Below are records to give again exactly; omit each image they contain.

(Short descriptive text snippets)
--
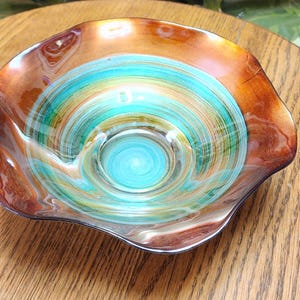 May include: A decorative glass bowl with a unique swirl design. The bowl features a vibrant color palette of turquoise, green, and orange, creating a captivating visual effect. The bowl's rim has a metallic finish, adding a touch of elegance.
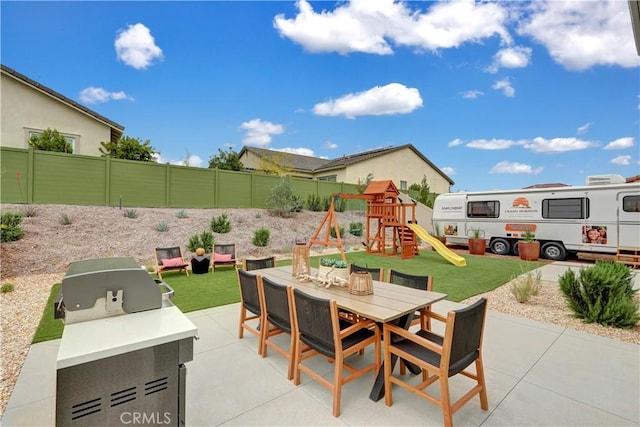 17163 Kent St, Hesperia, CA 92345 - fenced backyard with outdoor dining space, a patio area, grilling area, and a playground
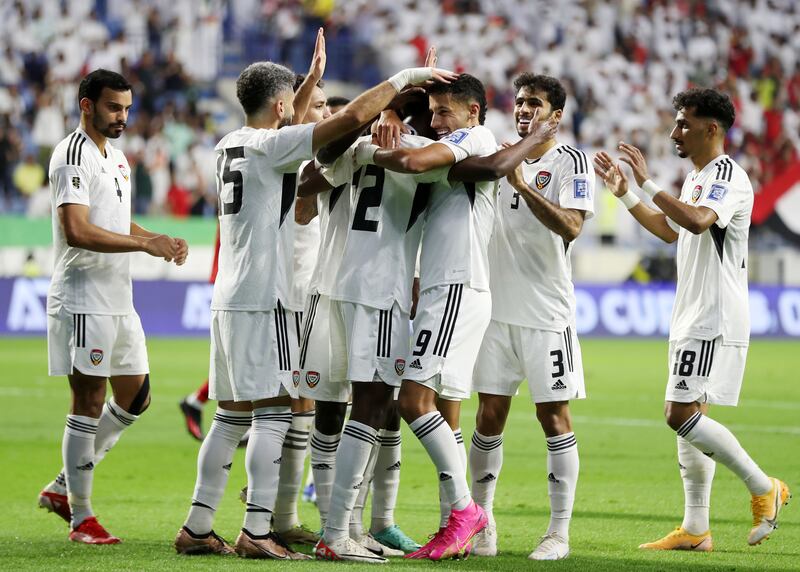 Khalifa Al Hammadi of the UAE celebrates scoring with teammates.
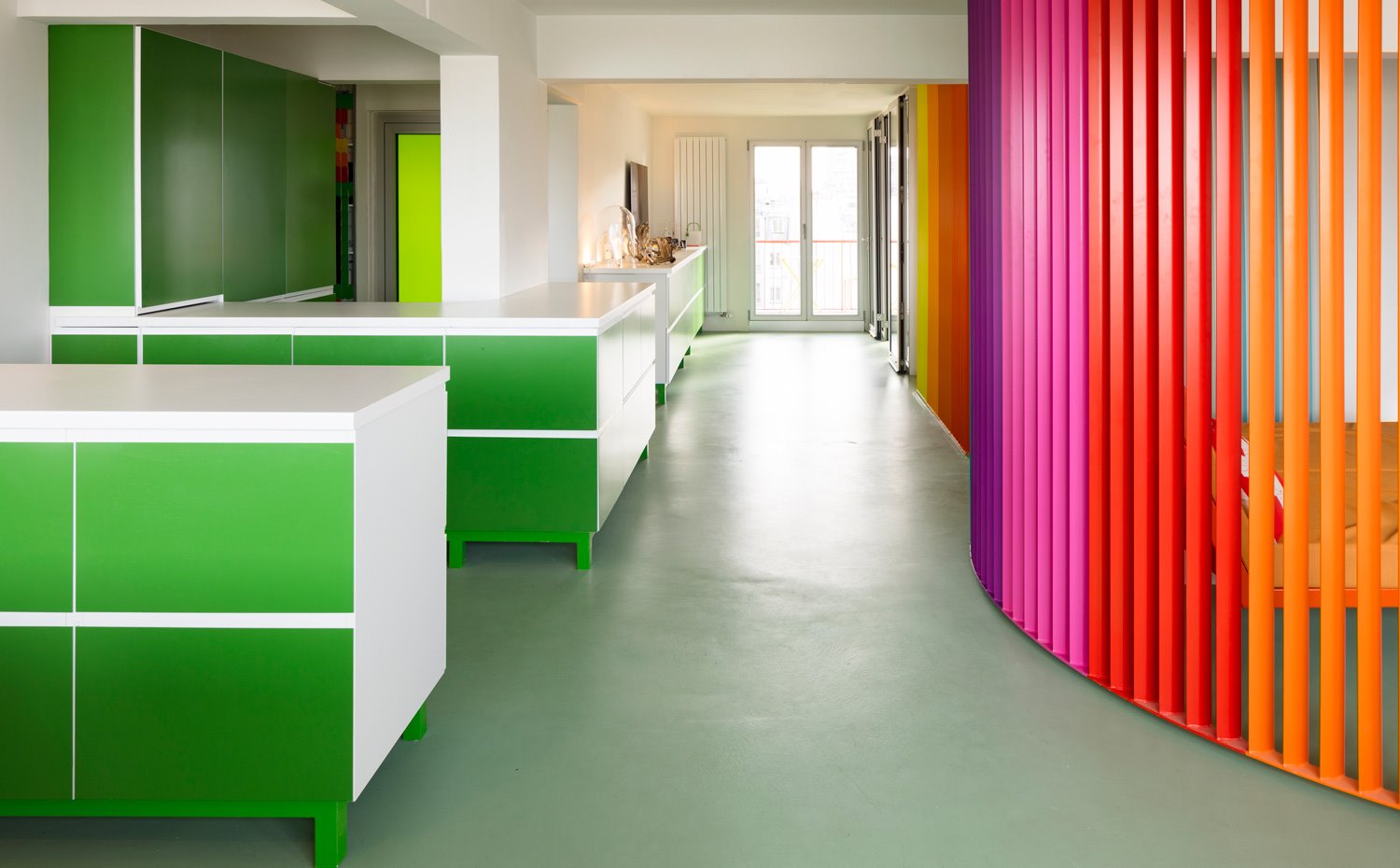 Zona de paso entre cocina, con mobiliario en verde, y biombo en naranja, rojo, rosa y lila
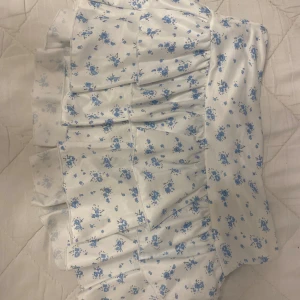 blommig kjol - Säljer denna söta kjol för det kommer inte till användning använda 1-2 gånger, den har inbyggda shorts i sig💕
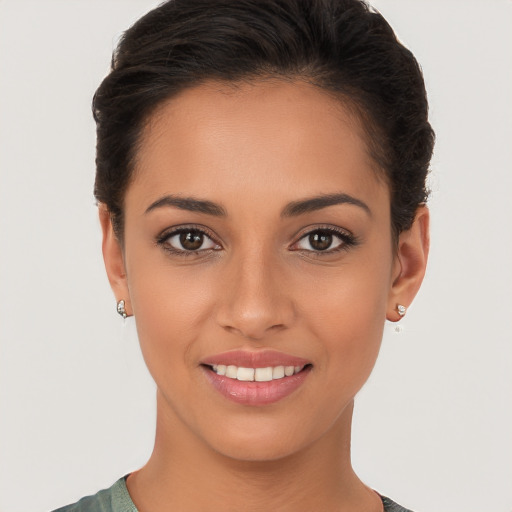 Joyful white young-adult female with short  brown hair and brown eyes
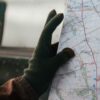 Person holding a map with a gloved hand, indicating navigation or travel planning.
--
• Answer to this task:
 May include: A decorative glass bowl with a unique swirl design. The bowl features a vibrant color palette of turquoise, green, and orange, creating a captivating visual effect. The bowl's rim has a metallic finish, adding a touch of elegance.
 17163 Kent St, Hesperia, CA 92345 - fenced backyard with outdoor dining space, a patio area, grilling area, and a playground
 Khalifa Al Hammadi of the UAE celebrates scoring with teammates.
 Zona de paso entre cocina, con mobiliario en verde, y biombo en naranja, rojo, rosa y lila
 blommig kjol - Säljer denna söta kjol för det kommer inte till användning använda 1-2 gånger, den har inbyggda shorts i sig💕
 Joyful white young-adult female with short  brown hair and brown eyes
 Person holding a map with a gloved hand, indicating navigation or travel planning.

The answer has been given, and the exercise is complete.